Tuesday, August 14, 2012


Wait a minute… I think I may be organized.

Recently I've been working on my own family’s genealogy for a change. I have all the usual papers: other researchers’ results, journal articles, original documents and photocopies, false starts with “not ours” scrawled on them and the rest. It occurred to me that I can usually find the papers I need to start working on a family line. They're in specific places.

There are three-ring binders of all sizes. A friend ran a thrift store for years, so I acquired a lot of them over time. They’re labeled with surnames or family groups who intermarried in a certain place and time, such as Gilliam and Mabry, Dawson and Maroney, Sheppard and Steele. This is one of my favorites:


The notebooks were created to hold the detritus I collected about 1995–2005, haphazard but with an updated family tree, group sheets, and a register report at the front. I add new data and revisit the old as I find time.

Indexes, articles, transcriptions and such are in clear plastic covers. At one point I was meticulous enough to label the edges. There are other files, file jackets, pressboard-covered papers and such, but they’re pretty much with the covered articles.


And then there’s The Great Unfiled. When I find or create a page on one or another of my hundreds of ancestors, what do I do with it? It doesn’t fit anywhere. It might be Trial Data, possibly family but not yet connected. Sometimes it’s a brilliant idea I had in the shower and rushed to write down later. All that is in an alpha sorter, which I always check before I start working on a family line. It says on the front, or would if the label hadn’t fallen off, I try to use the alphabet whenever I can. —Radar O’Reilly


 Oh… there’s a pile of those here in my office too. It doesn’t take up much space, though.

I have a Name Index book listing everybody with their BMD’s, one list by surname, the other by birth date. My mom’s side and my dad’s side have separate sections. Hmmm… the index is pretty old. It’s time to update, but I don’t know whether FTM 2011 will generate the list. Must check.

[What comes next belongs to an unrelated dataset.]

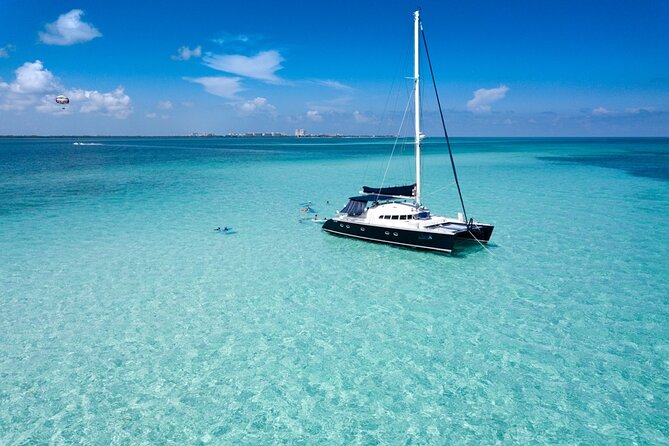 Puerto Morelos Secret Sandbar Catamaran Sail - The ride through Puerto Morelos National Park
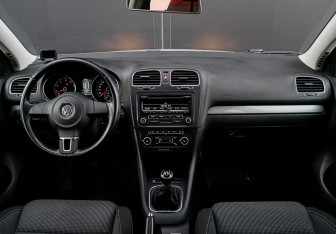 Подержанный автомобиль Volkswagen Golf Hatchback 2012 года (9 фото)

My original documents are lying quietly in a wooden drawer and a nice box from Garfinckel's that had my sister's wedding veil in it in 1956. There are newspaper clippings, birth/death certificates, programs from my dad’s appearances in the Tech Show at MIT in the 1920s, etc. His baby book (ca 1900) and my second great-grandfather’s book of sermons (ca 1850) are on the shelf in the wall unit with other family-related books. 

 

Anyway, that's the lot. What I need to do is pull out a lot of the fun stuff to take to my grandniece's wedding at the end of the month. The relatives aren't much interested in pedigrees, but we have some good stories. I really wish I had heard my father play the saxophone. I don't know what happened to it. I do have the baton he used to lead the band, though.